La posmodernidad emergió en corrientes arquitectónicas y artísticas antes de que Lyotard la proyectara a la categoría de espíritu general de una época. Los problemas del arte y la literatura han ocupado a pensadores tan distintos entre sí como Derrida y Rorty, Deleuze y Danto, Vattimo y Foucault. Este elenco, desde luego, se podría ampliar sin ningún esfuerzo. Pese a todo, la pregunta por el arte contemporáneo continúa superando muchas veces los intereses, y otras las fuerzas, de la mayor parte de los filósofos, cuyos empeños actuales son desbordados casi de inmediato por una realidad caleidoscópica.

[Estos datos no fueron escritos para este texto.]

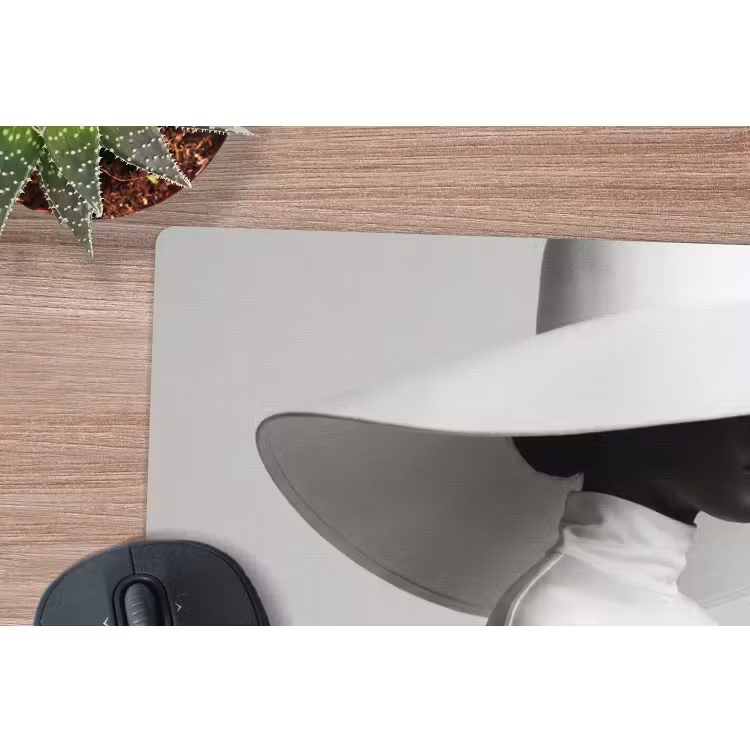 Muismat - Vrouw - Profiel - Hoed - Zwart - Wit - Minimalistisch — 4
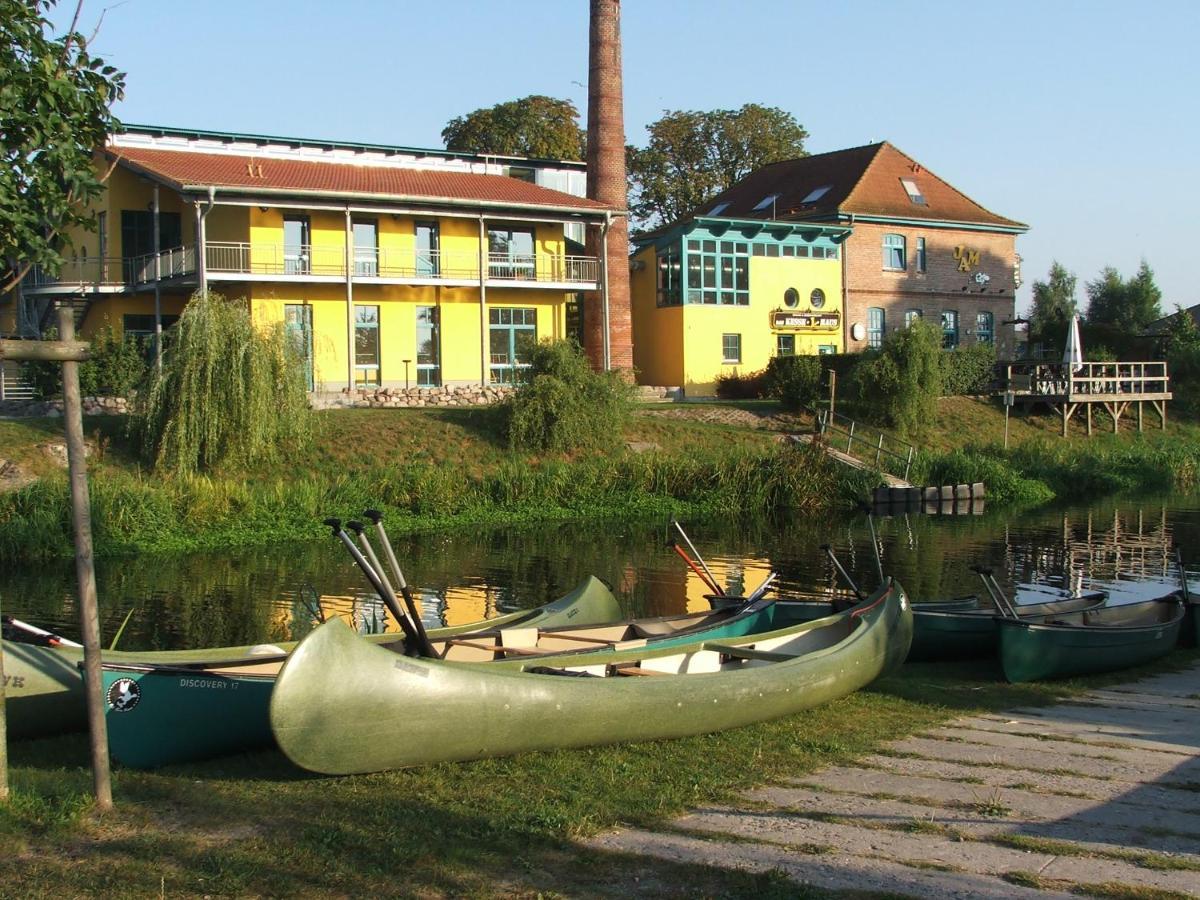 Ferienwohnung B Gaestehaus Muehlenstein Bad Sulze エクステリア 写真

Habermas, precavido, apenas se refiere al arte; los filósofos analíticos lo abordan de modo marginal y desde de una reductiva, aunque consistente, psicología. En el amplio capítulo final de su libro, Bubner atribuye la situación periférica de la estética desde los tiempos de Kant y Hegel a la violenta revolución artística ocurrida en el siglo XX.
“La liberación radical de la producción artística misma del recinto ontológico tradicional – escribe Bubner – y la superación de cualquier canon (…) han dejado irremediablemente atrás las posibilidades de la teoría [filosófica]”. El permanente shock de lo nuevo en el arte descalabra cualquier intento de captura teórica. Formas sucedáneas de la estética, como denomina Bubner a las que practican, por ejemplo, los propios artistas, no satisfacen los exigentes criterios de los teóricos, quienes sin embargo apenas logran ofrecer algo a cambio. La estética se hace fuerte en revisiones permanentes sobre su propia tradición conceptual. Pero se trata de un refugio seguro antes que de un desarrollo acorde con los tiempos.
Distintas tendencias del pensamiento del siglo XX han visto en el arte un ámbito privilegiado para la verdad. En consecuencia, las rígidas fronteras entre la filosofía y el arte se volvieron permeables, explica Bubner. El arte ya no queda, como ocurría en el pasado, enteramente definido en términos de belleza o placer; la propia noción de obra de arte ha sido desmantelada por las vanguardias. Hegel aún se respaldaba en las obras; Kant, pensaba en términos de placer.
Algunas de estas visiones capitales todavía son muy útiles para nosotros, pero no podemos reflexionar sobre lo que nos rodea siendo rígidamente fieles a sus huellas.
Bubner busca rescatar la experiencia estética de inspiración kantiana porque no remite a objetos precisos, sino que acontece dentro del propio sujeto.
Pero esta propuesta de un regreso a la interioridad abre nuevas paradojas y dificultades. Hegel anunció que, en su época, el arte era una cosa del pasado y había sido superado. Es posible que su dictamen haya afectado más directamente a la disciplina que pretendía refundar, la estética filosófica, que al objeto del que ésta iba a ocuparse.